| Exercise goal |
Pictures stay out; please output the remaining data exactly.
─── Records shown
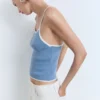 Strickoberteil mit kontrastierenden Ziernähten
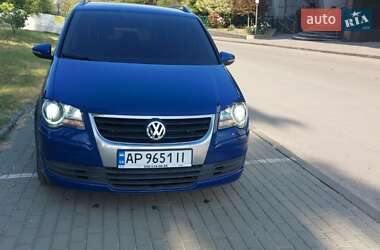 Мінівен Volkswagen Touran 2010 в Запоріжжі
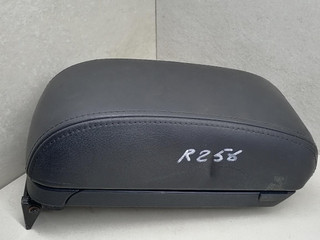 подлокотник Hyundai Tucson 1 поколение 2006, 2.0 л., CRDi, дизель, АКПП, чёрный, внедорожник 5 дв., передний привод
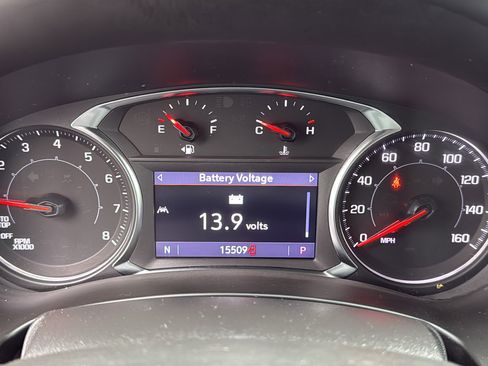 Certified 2022 GMC Terrain SLE w/ Driver Convenience Package image 18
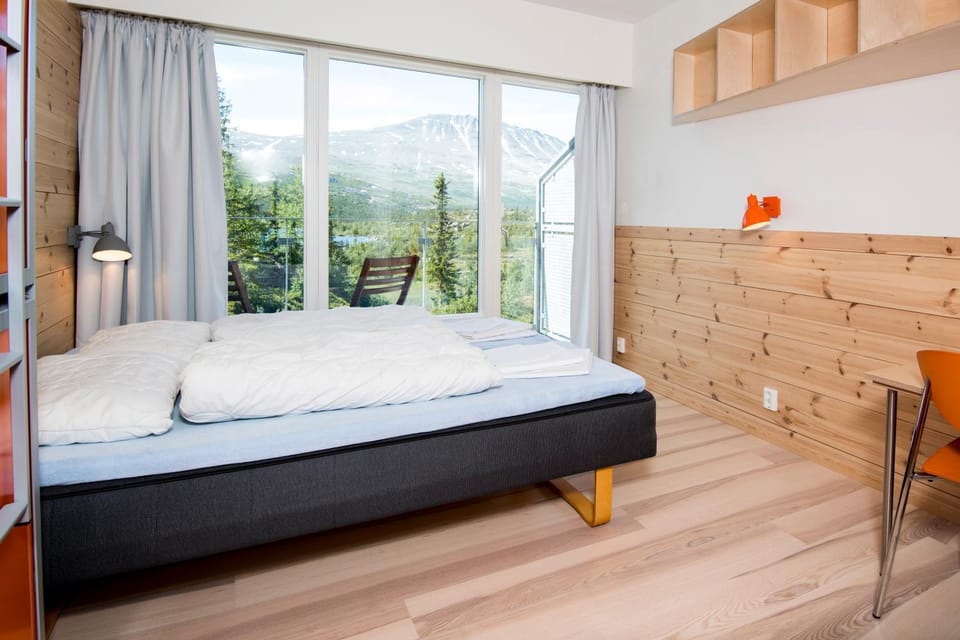 Bed, Lake view, Landmark view, Mountain view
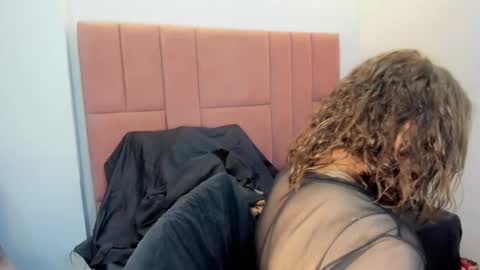 Jennie online show from February 4, 2026, 12:22 pm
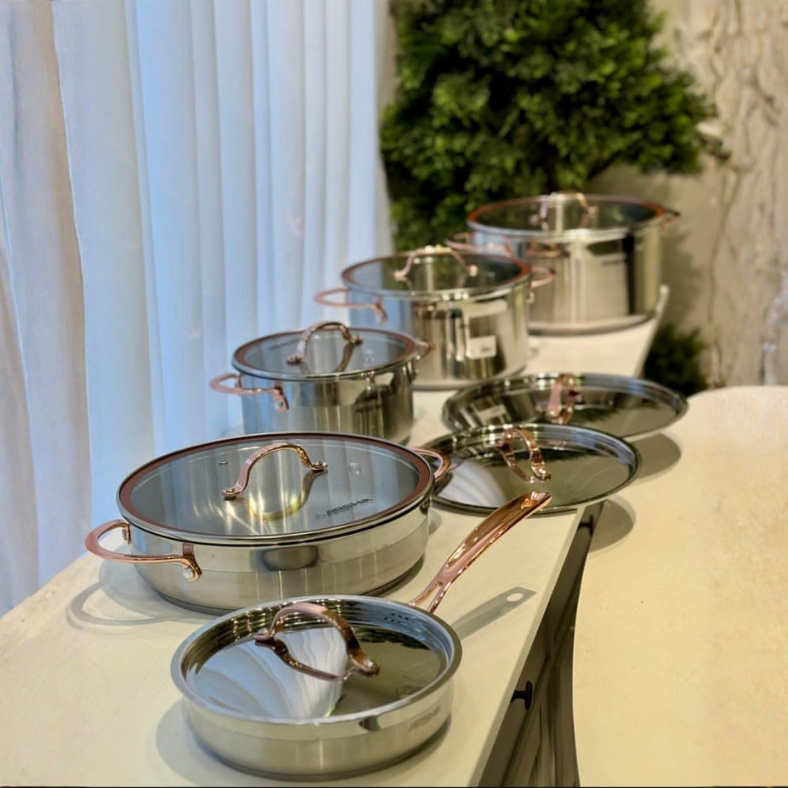 Batterie de cuisine ARSHIA 9 Pièces en acier inoxydable – Poignées effet cuivré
──────
| Solution |
 Strickoberteil mit kontrastierenden Ziernähten
 Мінівен Volkswagen Touran 2010 в Запоріжжі
 подлокотник Hyundai Tucson 1 поколение 2006, 2.0 л., CRDi, дизель, АКПП, чёрный, внедорожник 5 дв., передний привод
 Certified 2022 GMC Terrain SLE w/ Driver Convenience Package image 18
 Bed, Lake view, Landmark view, Mountain view
 Jennie online show from February 4, 2026, 12:22 pm
 Batterie de cuisine ARSHIA 9 Pièces en acier inoxydable – Poignées effet cuivré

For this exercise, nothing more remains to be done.